**What is needed**
Copy out the full listing exactly, omitting any picture it contains.

**Supplied material**
----

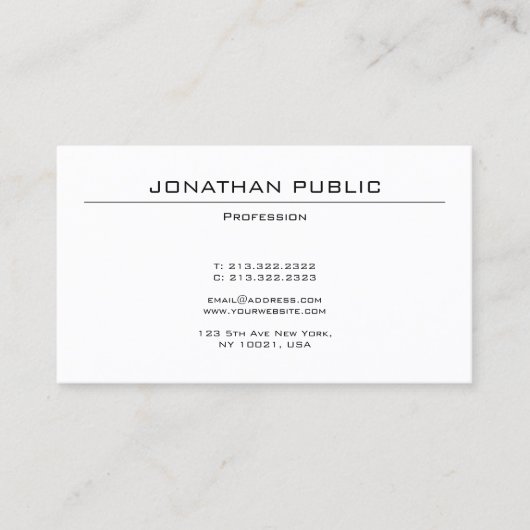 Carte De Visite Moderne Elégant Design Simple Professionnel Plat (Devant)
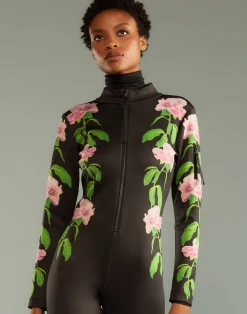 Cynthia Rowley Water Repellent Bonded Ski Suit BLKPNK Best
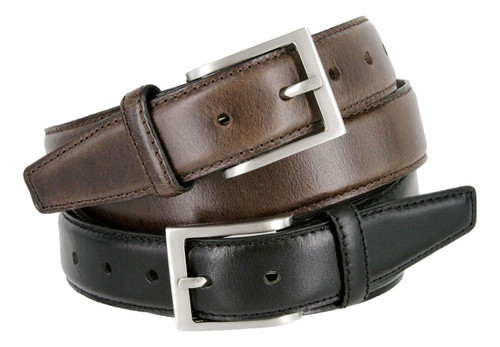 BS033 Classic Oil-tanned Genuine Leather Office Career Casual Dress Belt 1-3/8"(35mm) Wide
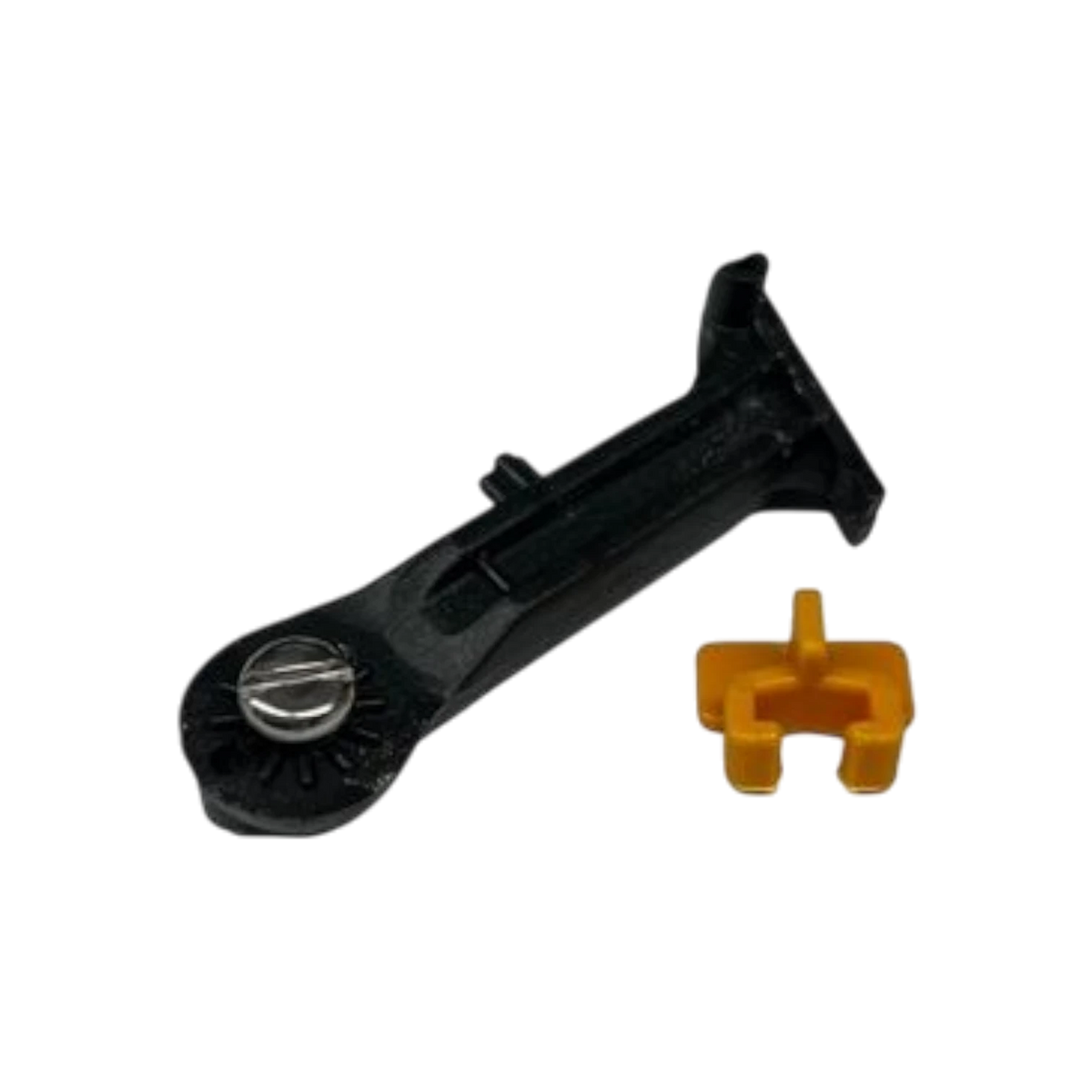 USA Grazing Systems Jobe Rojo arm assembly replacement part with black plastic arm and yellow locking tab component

----

**Solution to this problem**
 Carte De Visite Moderne Elégant Design Simple Professionnel Plat (Devant)
 Cynthia Rowley Water Repellent Bonded Ski Suit BLKPNK Best
 BS033 Classic Oil-tanned Genuine Leather Office Career Casual Dress Belt 1-3/8"(35mm) Wide
 USA Grazing Systems Jobe Rojo arm assembly replacement part with black plastic arm and yellow locking tab component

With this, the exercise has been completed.